> **Requirement**
Without any pictures, restate the full set of records below exactly.

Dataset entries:
━━━━━━━━━━━━━━━━━━━━━━━━━━━━━━

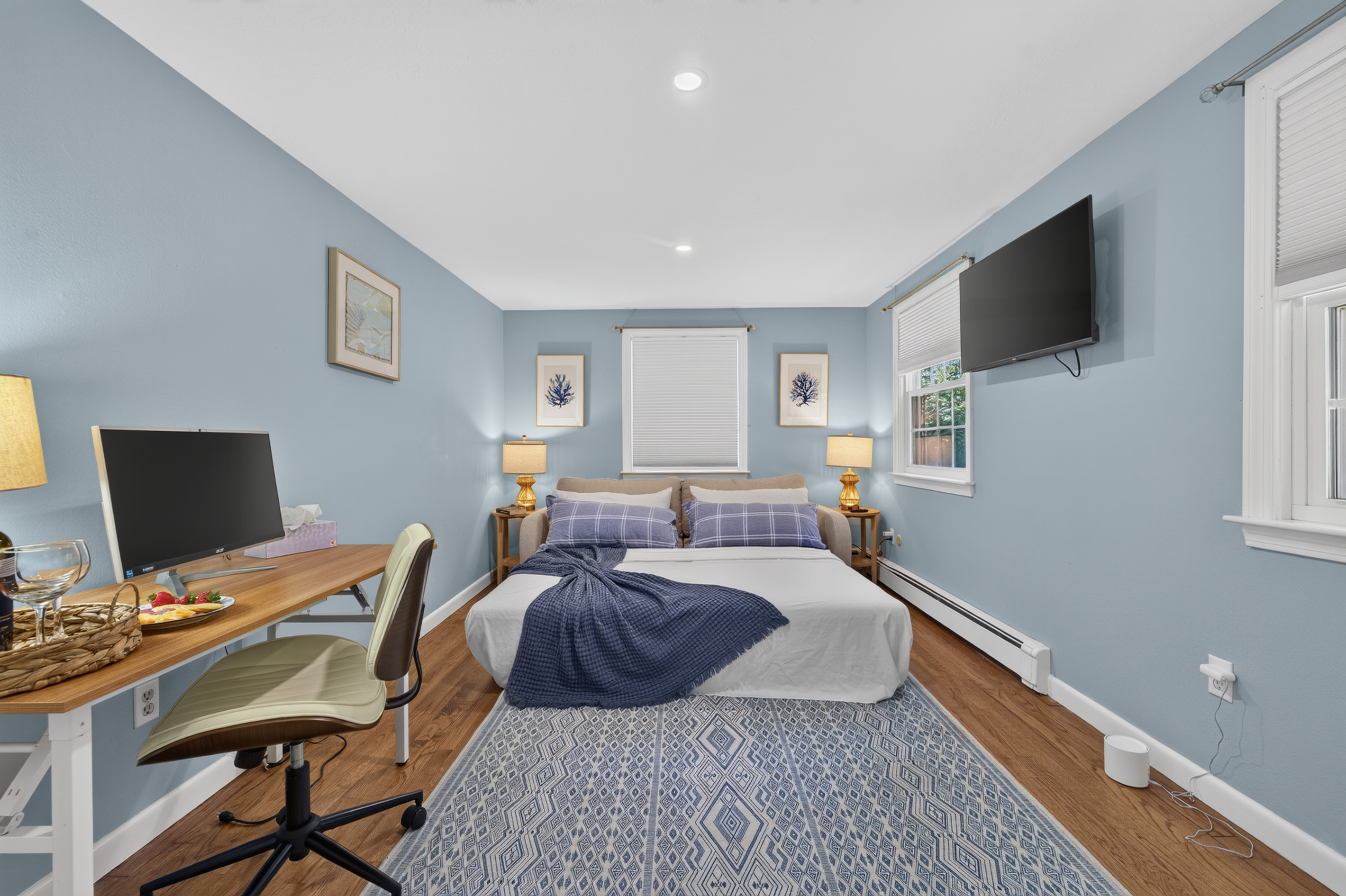 Thoughtfully furnished bedroom offering space to rest and stay productive.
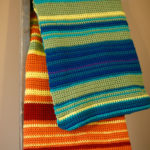 A crocheted temperature blanket draped over a blanket ladder.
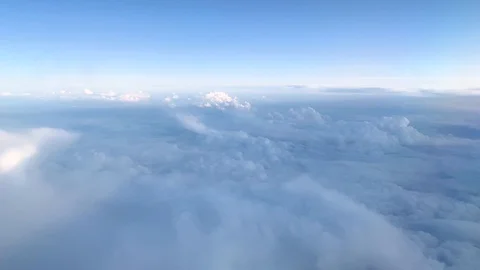 Aerial view of white clouds and sky from plane window in daylight Stock-Footage 121354874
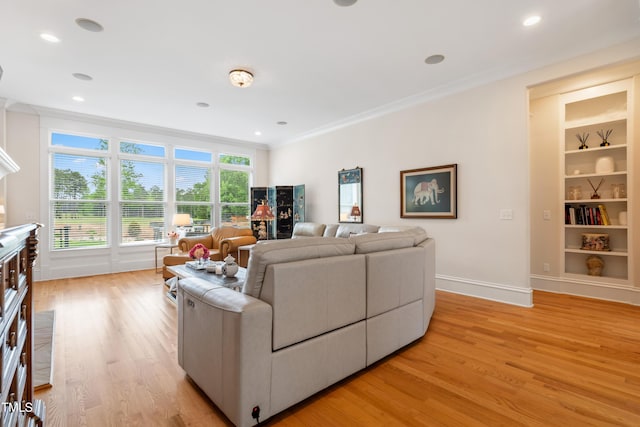 living area with built in shelves, baseboards, ornamental molding, recessed lighting, and light wood-style flooring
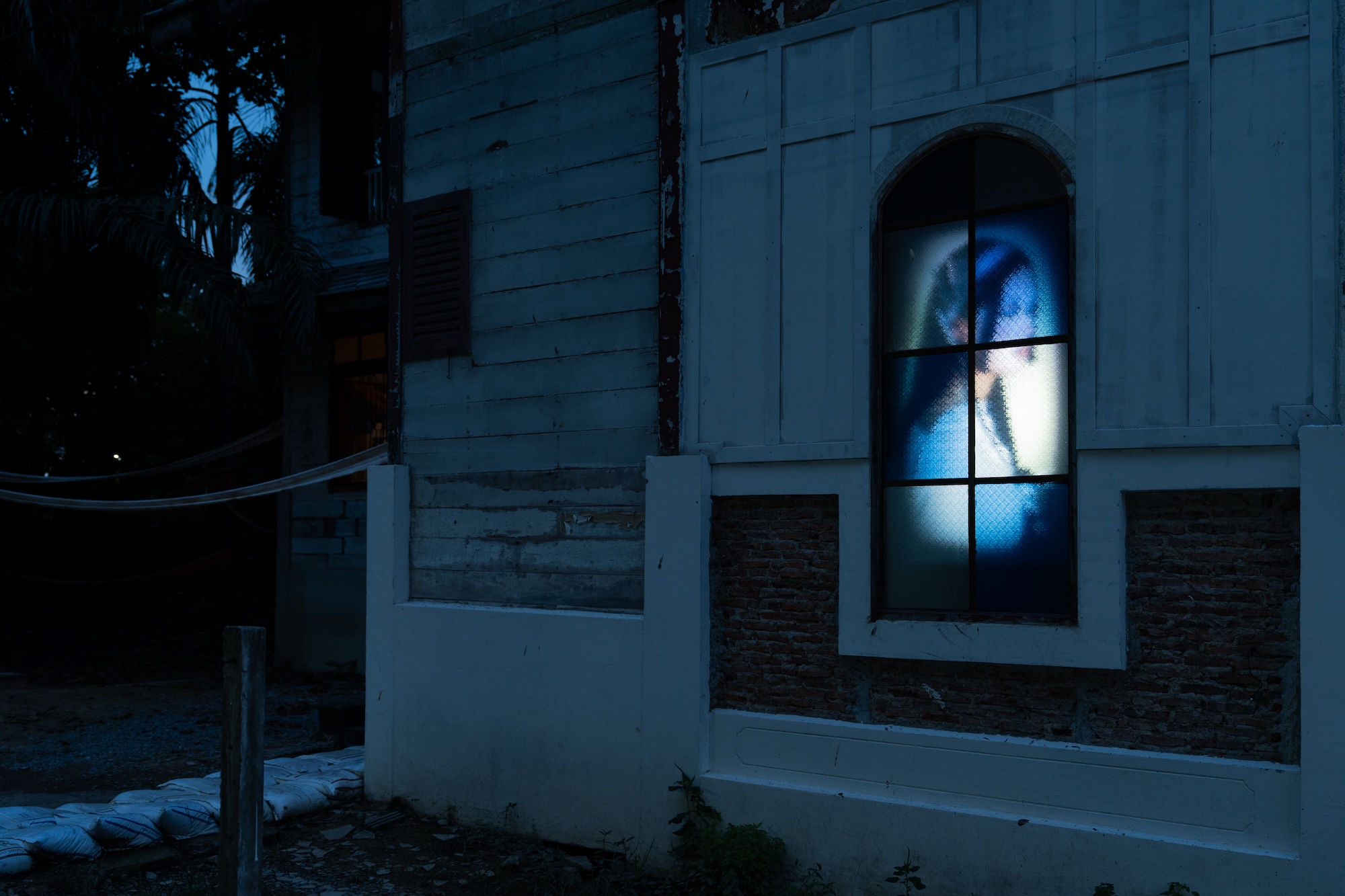 A lit up blue window on a house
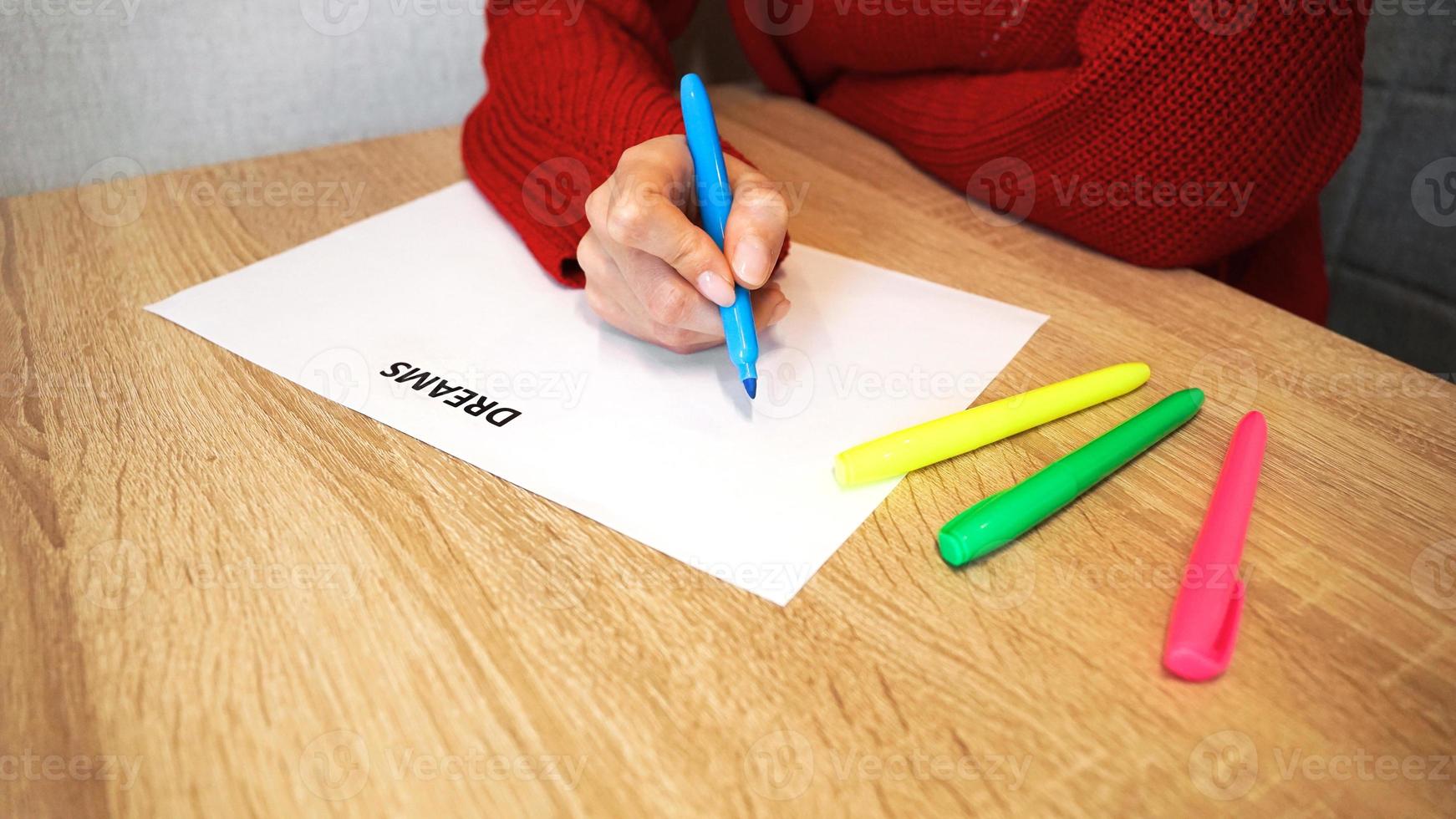 mujer escribiendo su lista de sueños con marcadores de colores foto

━━━━━━━━━━━━━━━━━━━━━━━━━━━━━━

> **Solution**
 Thoughtfully furnished bedroom offering space to rest and stay productive.
 A crocheted temperature blanket draped over a blanket ladder.
 Aerial view of white clouds and sky from plane window in daylight Stock-Footage 121354874
 living area with built in shelves, baseboards, ornamental molding, recessed lighting, and light wood-style flooring
 A lit up blue window on a house
 mujer escribiendo su lista de sueños con marcadores de colores foto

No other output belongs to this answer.